= Ahle Hadith Andolon Bangladesh =

Islamist organization

Ahle Hadith Andolon Bangladesh is an Islamist organisation in Bangladesh and led by Muhammad Asadullah Al-Ghalib. It is a militant group that has been funded by Revival of Islamic Heritage Society, a Kuwaiti non governmental organisation. It is closely related to Jama'atul Mujahideen Bangladesh, an Islamist terrorist organisation.

==History==
In 1993, Bangladeshi intelligence agencies provided a report on the activities of Muhammad Asadullah Al-Ghalib and requested permission from the government to detain and interrogate him.

In 1998, Ghalib travelled to India and met Maolana Abdul Matin Salafi, an Islamist preacher who had been expelled from Bangladesh by President Hussain Mohammad Ershad, and was Ghalib's spiritual teacher. He was given a show cause notice for traveling to India with permission from his university by the register at University of Rajshahi, Muhammad Yunus, after returning to Bangladesh. Muhammad Yunus would later be assassinated by Islamic militants.

In 2000, four Kashmiri militants were held with one Ahle Hadith Andolon Bangladesh member from Bangladesh-India border by Bangladesh Rifles. They would later be released. Ghalib had frequent visitors from India, Pakistan, and Arab countries and would introduce these visitors to Ahle Hadith Andolon Bangladesh activists as mujahideens.

In 2004, Ghalib showed certificates from two members of parliament, Mizanur Rahman Minu of Bangladesh Nationalist Party and Maolana Abdul Khalek of Bangladesh Jamaat-e-Islami, which certified that Ahle Hadith Andolon Bangladesh members were not militants to the press.

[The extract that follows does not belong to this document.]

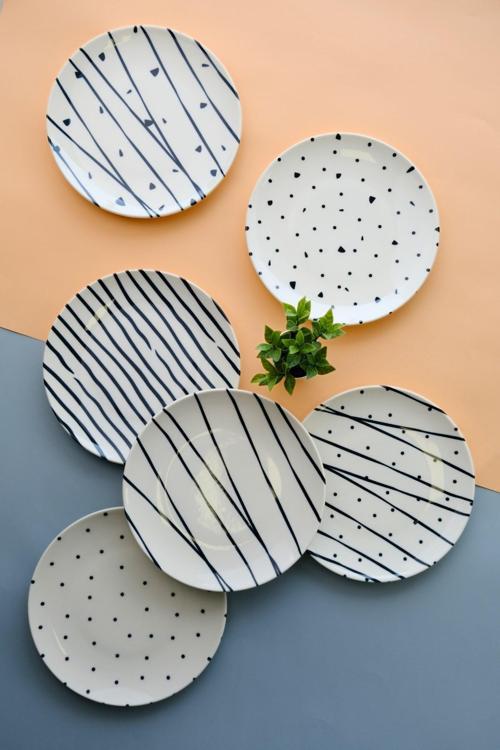 Porselen Dash Pasta Tabağı 20cm 6 Kişilik 6 Parça TVL6PTPRS1108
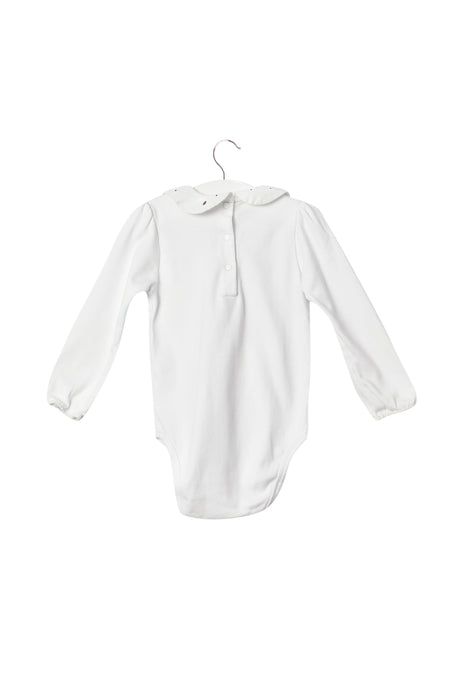 A White Long Sleeve Bodysuits from Dior in size 12-18M for girl. (Back View)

Muhammad Asadullah Al-Ghalib, leader of Ahle Hadith Andolon Bangladesh, was arrested in 2005 after arrested activists of Jamaat-ul-Mujahideen Bangladesh identified him as their spiritual guru. Special Branch of Bangladesh police identified Muhammad Asadullah Al-Ghalib, then professor at the University of Rajshahi, as a top leader of Jama'atul Mujahideen Bangladesh. On 2 September 2006, Ahle Hadith Andolon Bangladesh announced that they will form a political party called insaaf. In 2005, Glalib claimed Ahle Hadith Andolon Bangladesh has offices in 42 Districts of Bangladesh and is working towards the establishment of an Islamic State. According to a confessional statement of an accused in the 2005 Bangladesh bombings; the bombing were coordinated by Hafizur Rahman, a leader of Ahle Hadith Andolon Bangladesh.

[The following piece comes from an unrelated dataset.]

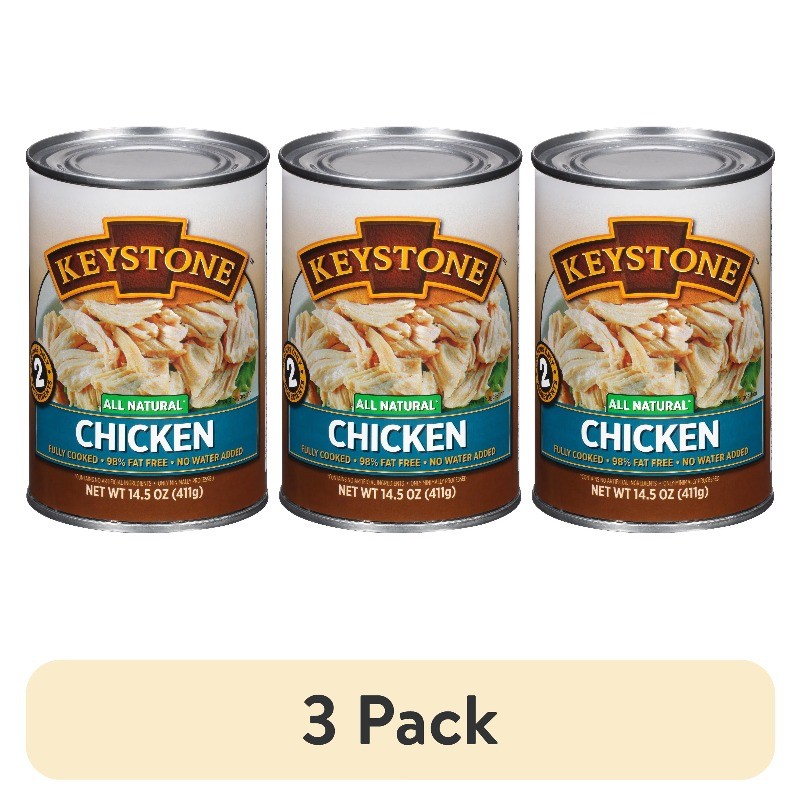 (3 pack) Keystone All Natural Chicken, 14.5 oz Can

On 13 August 2008, A. H. M. Khairuzzaman Liton, Mayor of Rajshahi and Awami League politician, visited the office Ahle Hadith Andolon Bangladesh and Muhammad Asadullah Al-Ghalib. He also visited the Ahle Hadith Jubo Sangha, the youth wing of Ahle Hadith Andolon Bangladesh and Al Markajul Islami As-Salafi Madrasa run by Ahle Hadith Andolon Bangladesh. He did not make a clear stand regarding Islamic militancy during his campaign and received support from Ahle Hadith Andolon Bangladesh. The principal of Al Markajul Islami As-Salafi Madrasa closed down the institute in 2009 and reported that Ahle Hadith Andolon Bangladesh was preaching extremism to the students. Students of University of Rajshahi and Rajshahi College were allowed to stay at the dormitories of the madrasa by Ghalib.

In April 2009, 49 leaders of the organisation resigned and formed the Ahle Hadith Jubo O Chhatra Parishad.

On 27 December 2015, leaders of Ahmadiyya Muslim community reported that their community faced harassment from Sunni Muslims, Ahle Hadith Andolon Bangladesh, Khatme Nabuwat Andolon Bangladesh, and Bangladesh Jamaat-e-Islami. Two of the attackers of July 2016 Dhaka attack were allegedly members of Ahle Hadith Andolon Bangladesh, but Asadullah Al Ghalib denied the allegations.

Ahle Hadith Andolon Bangladesh has reported links with terrorist group Jamaat-ul-Mujahideen Bangladesh; this has been denied by the leader of Ahle Hadith Andolon Bangladesh, Muhammad Asadullah Al-Ghalib, at a press conference at the Jatiya Press Club on 15 August 2016. Top leaders of Jamaat-ul-Mujahideen Bangladesh, Shaykh Abdur Rahman and Bangla Bhai, were members of Ahle Hadith Andolon Bangladesh.